Good question. First, let's think about why sound does not travel forever. Sound cannot travel through empty space; it is carried by vibrations in a material, or medium (like air, steel, water, wood, etc). As the particles in the medium vibrate, energy is lost to heat, viscous processes, and molecular motion. So, the sound wave gets smaller and smaller until it disappears.

In contrast, light waves can travel through a vacuum, and do not require a medium. In empty space, the wave does not dissipate (grow smaller) no matter how far it travels, because the wave is not interacting with anything else. This is why light from distant stars can travel through space for billions of light-years and still reach us on earth. However, light can also travel within some materials, like glass and water. In this case, some light is absorbed and lost as heat, just like sound. So, underwater, or in our atmosphere, light will only travel some finite range (which is different depending on the properties of the material it travels through).

There is one more aspect of wave travel to consider, which applies to both sound and light waves.
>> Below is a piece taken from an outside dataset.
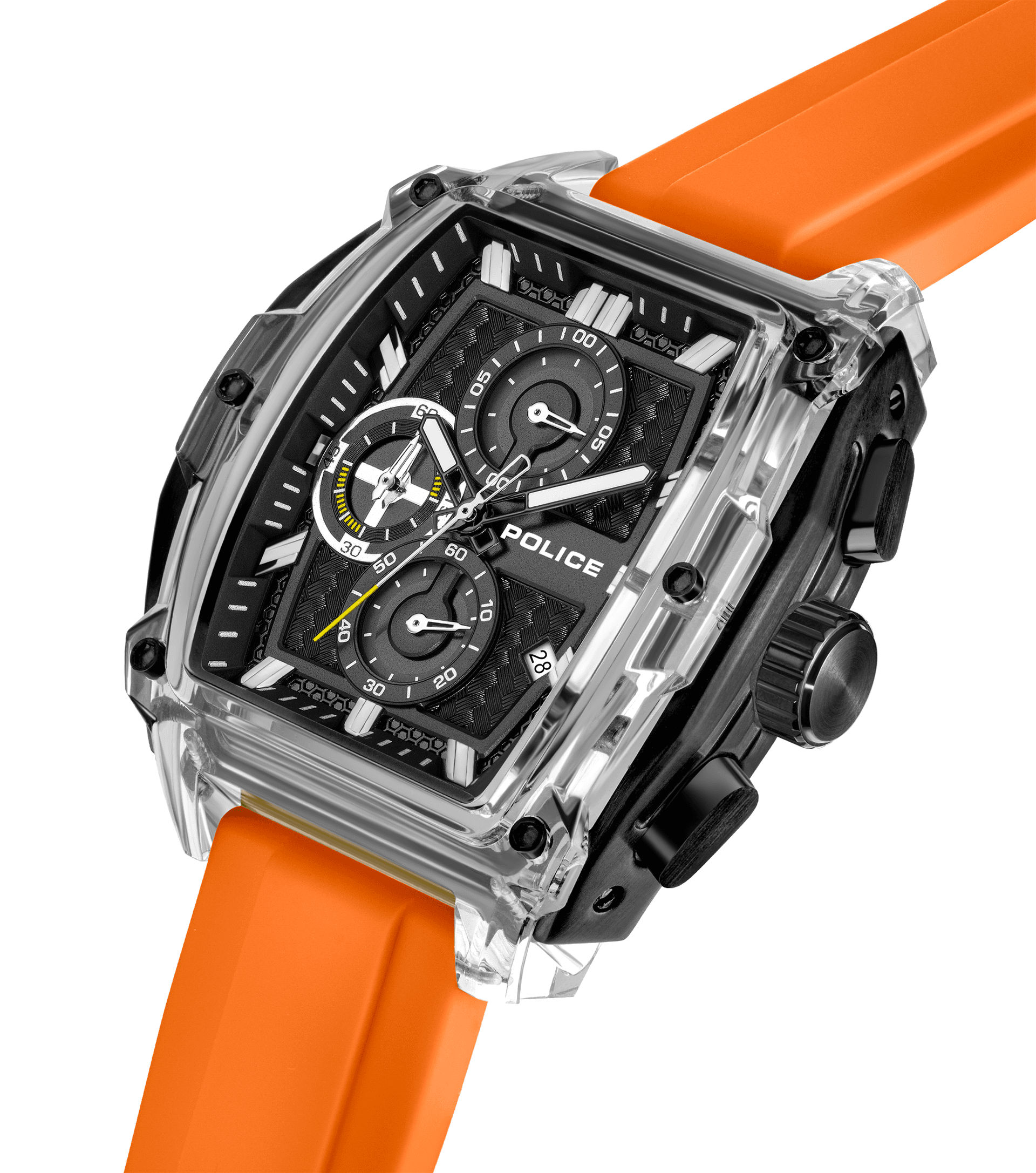 Police Clout Tank PEWGO00778X2 Herrenuhr Schwarz • Quarz-Chronograph • Set mit 4 Armbändern, Bild 6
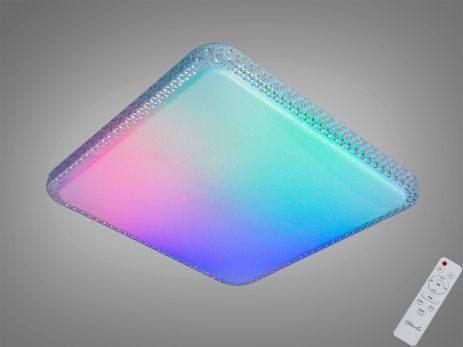 Світильник з пультом та RGB підсвіткою Diasha 80W до 18 м² колір Білий DB-8501C/500x500RGB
As a wave travels from a source, it propagates outward in all directions. Therefore, it fills a space given approximately by the surface area of a sphere. This area increases by the square of the distance R from the source; since the wave fills up all this space, its intensity decreases by R squared. This effect just means that the light/sound source will appear dimmer if we are farther away from it, since we don't collect all the light it emits. For example, light from a distant star travels outward in a giant sphere. Only one tiny patch of this sphere of light actually hits our eyes, which is why stars don't blind us!

David Schmid


(published on 01/23/2013)

Follow-Up #1: How far does light go?

Q:
how long does light go
- Jason (age 11)
A:

Hi Jason,

Light just keeps going and going until it bumps into something.  Then it can either be reflected or absorbed.  Astronomers have detected some light that has been traveling for more that 12 billion years, close to the age of the universe.   
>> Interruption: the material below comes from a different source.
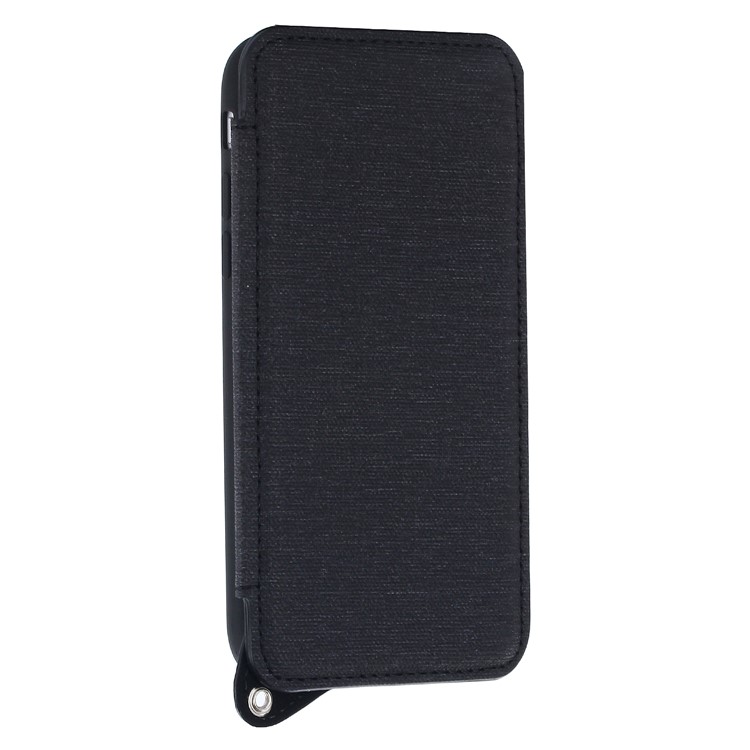 Card Holder Mirror Leather Back Case for iPhone 6s Plus/6 Plus (Built-in Magnetic Holder Metal Sheet) - Black-2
Light has some interesting properties.   It comes in lumps called photons.  These photons carry energy and momentum in specific amounts related to the color of the light.  There is much to learned about light.   I suggest you log in to our website and type  LIGHT into the search box.   Lots of interesting stuff there.

To answer your previous question "Can light go into a black hole?" ,  the answer is yes.

 

LeeH


(published on 12/03/2015)

Follow-Up #2: less than one photon?

Q:
Can light intensity reduce to a level where it's energy is less than 1 photon (probably after travelling an almost infinite distance from a point source)?
- Ajay Suri (age 40)
Dehradun, Uttarakhan, India
A:

Certainly you can run the ouput of a single-photon source through a half-silvered mirror, and get a sort of half-ghost of the photon in two places. If you put ordinary photon detectors in those places, however, each will either detect zero or one. For each source photon, you'll get at most one of the detectors to find it. How does the half-ghost at the other one know whether it's detectably there or not? The name of that mystery is "quantum entanglement". At some level we don't really know the answer.

Mike W.


(published on 02/04/2016)

Follow-Up #3: stars too far away to see?

Q:
does there is any star that we can can't get it's light because of itis farness?......sorry with having any problems in my English gramer, my English language is not good enough.
- Hawraz (age 22)
Erbil, Kurdistan
A:

Most stars are too far for us to see them as individual stars even with our best telescopes. Still, we can get light from them, mixed with light from other stars. If our understanding of the universe is at all right, there are also stars that once were visible from here but now are outside our horizon so no light from them reaches us. It's probable that there are many more stars outside our horizon than inside, maybe infinitely more. It's hard to check, however, what's happening outside our horizon! It's even hard to define what we mean by "now" for things outside the horizon.

Mike W.


(published on 07/22/2016)

Follow-Up #4: light going out to space

Q:
If we are reflections of light, does that reflection make it out into space and keeps traveling til its asorbed. I would think it travels into space if a satellite In space can see me, but I dont know enough to determine if that is how a satellite can see me.
- Carlos (age 28)
custer city, ok, custer
A:

Certainly ordinary light travels out to space. That's how spy cameras and such can take pictures of things here on the Earth's surface.

Mike W.

 


(published on 09/01/2016)

Follow-Up #5: end of the universe?

Q:
This isn't so much a question, as it is an answer to the first question. Light does have a maximum range, which can be defined from its point of origin, until the end of the universe. Provided it doesn't hit anything along the way.
- Andy (age 52)
Virginia Beach
A:

We don't think there's any "end" in the sense of some spatial boundary. Unless something changes drastically, there also won't be an end in time. The expansion looks like it will go on forever. So that wouldn't give a maximum range.

Mike W.


(published on 03/26/2017)

Follow-Up #6: seeing black holes

Q:
I saw a science program on TV about black holes. Would it be possible to point a laser in the direction of a hypothetical black hole and prove it's existence if the light was affected by the gravity of the purported black hole?
- Robert (age 64)
19010
A:

In principle a well-aimed beam would loop around the outside of the black hole and return to Earth. There aren't any black holes close enough to make this practical. Instead the bending of light by black holes is observed by their lensing effect on light coming from more distant objects.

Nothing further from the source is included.